Раны затянулись, как не было.

Ближе к вечеру я нацарапал на стене еще одну палочку и посчитал остальные, рисованные перед тем, как лечь спать. Пятнадцать палочек. Пятнадцать дней мучился в комнате, и пережитое до появления здесь казалось пустяковиной, плюнуть и растереть. Сдохнуть от жажды? Нет проблем. Окочуриться с испуга? Хоть сейчас. Склеить ласты от усталости? Запросто. Умереть от любви? Невозможно. Немыслимо. Можно только страдать, терзаясь и мучаясь, не находя выхода.

Впрочем, выход есть.

Еще раз попробовать одолеть ее. Она же хотела этого. Она улыбалась мне! Она звала меня!!!

Я снова бросился к девчонке.

 

В том, что я, одержимый страстью, бросался на девчонку и получал хлыстом, кнутом, бичом, существовал плюс. Я понял, что страсть сильнее боли. Я получал от окаянной девки столько ударов, что случись подобное в прежней жизни, не вылезал бы из травматологии. Здесь отползал к диванчику, восстанавливался, подкреплялся и снова бросался на нее, как ослепленный похотью красноглазый бык.

Было это любовью?

Сомневаюсь.

Я не посвящал ей туманные стихи и не писал розовые письма. Не пускался в многозначительные перемигивания и не вздыхал, глядя в ее сторону, истомлено и нежно. Я бросался на девчонку, как мартовский кобель на сучку. Это относилось к физиологии, психиатрии и немножко аменции*.

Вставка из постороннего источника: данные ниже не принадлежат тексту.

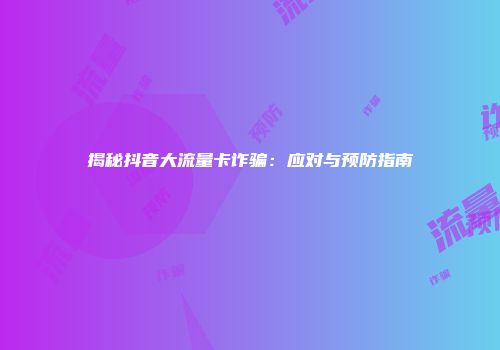 揭秘抖音大流量卡诈骗：应对与预防指南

Спалившее дотла чувство было страстью к женщине, сидящей напротив и смеющейся весело и звонко. Если бы знал, что мои потуги ей неприятны, то, клянусь, шага не ступил бы в ее сторону. Я бы молча переболел страстью и позабыл её навсегда. Но эта бестия смеялась, ее глаза искрились от радости, когда я направлялся к ней.

Значит, она хотела? Значит, она желала? Ее смех зазывал сильнее телевизионной рекламы и партийных призывов. Я знал: она хочет меня! Она зовет!

Непонятно другое – зачем избивать меня до потери сознания?

Уму непостижимо. Это за сферой реального. Какой-то женский бзик, мужскому уму недоступный.